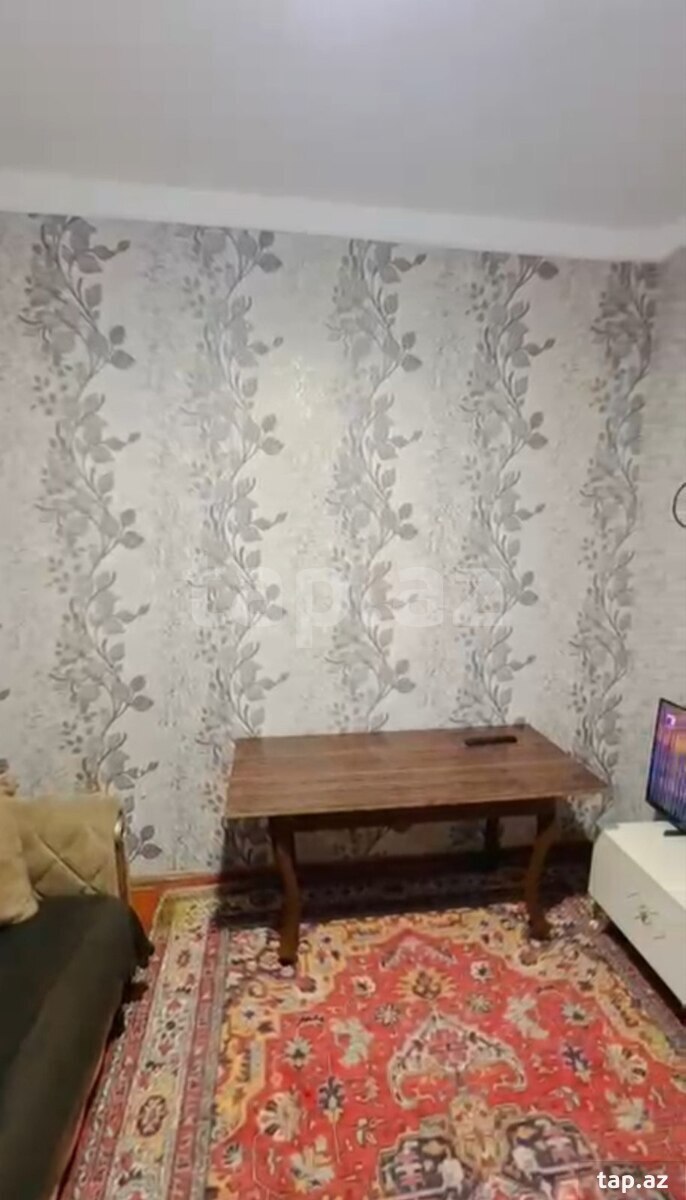 2-otaqlı yeni tikili, Lənkəran ş., 40 m²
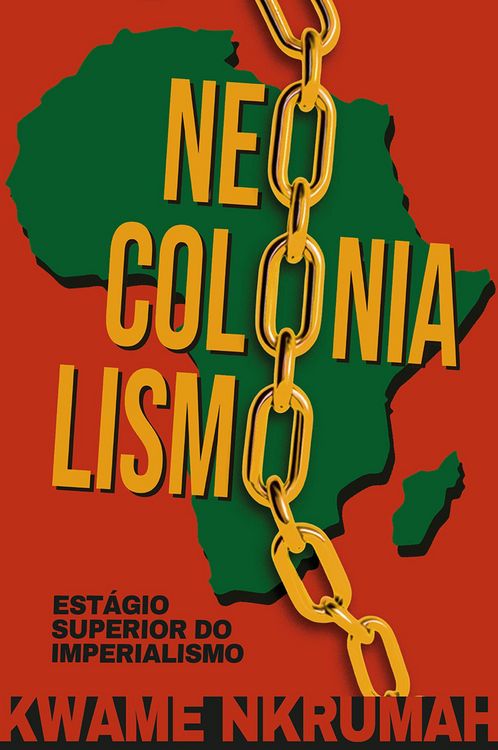 Produktbild: Neocolonialismo: est&aacute;gio superior do imperialismo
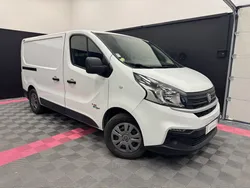 Fiat talento fourgon tole equipe isotherme 1.6 multijet 145 pack pro nav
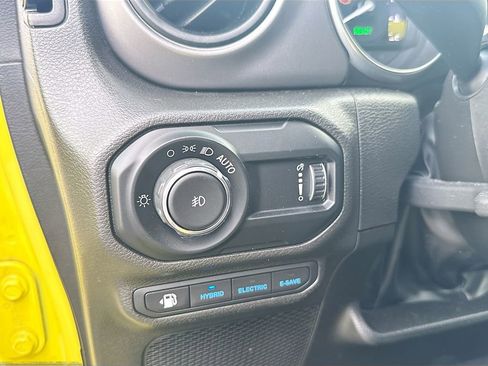 Used 2023 Jeep Wrangler Unlimited w/ Cold Weather Group AWD/4WD image 11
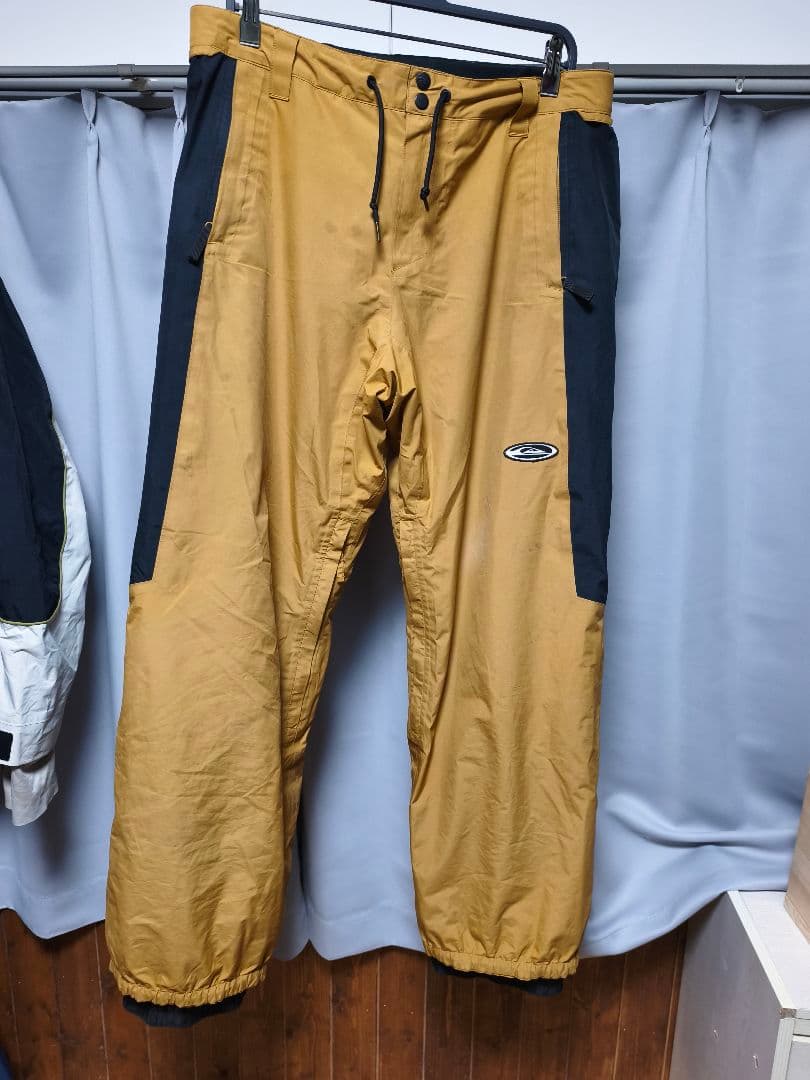 クイックシルバーHIGH ALTITUDE GORE-TEX 上下XLとLサイズ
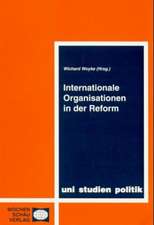 Internationale Organisationen in der Reform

**WORK TO BE COMPLETED**
Each entry must be retyped word for word, with every image omitted.

**RESULT BELOW**
 2-otaqlı yeni tikili, Lənkəran ş., 40 m²
 Produktbild: Neocolonialismo: est&aacute;gio superior do imperialismo
 Fiat talento fourgon tole equipe isotherme 1.6 multijet 145 pack pro nav
 Used 2023 Jeep Wrangler Unlimited w/ Cold Weather Group AWD/4WD image 11
 クイックシルバーHIGH ALTITUDE GORE-TEX 上下XLとLサイズ
 Internationale Organisationen in der Reform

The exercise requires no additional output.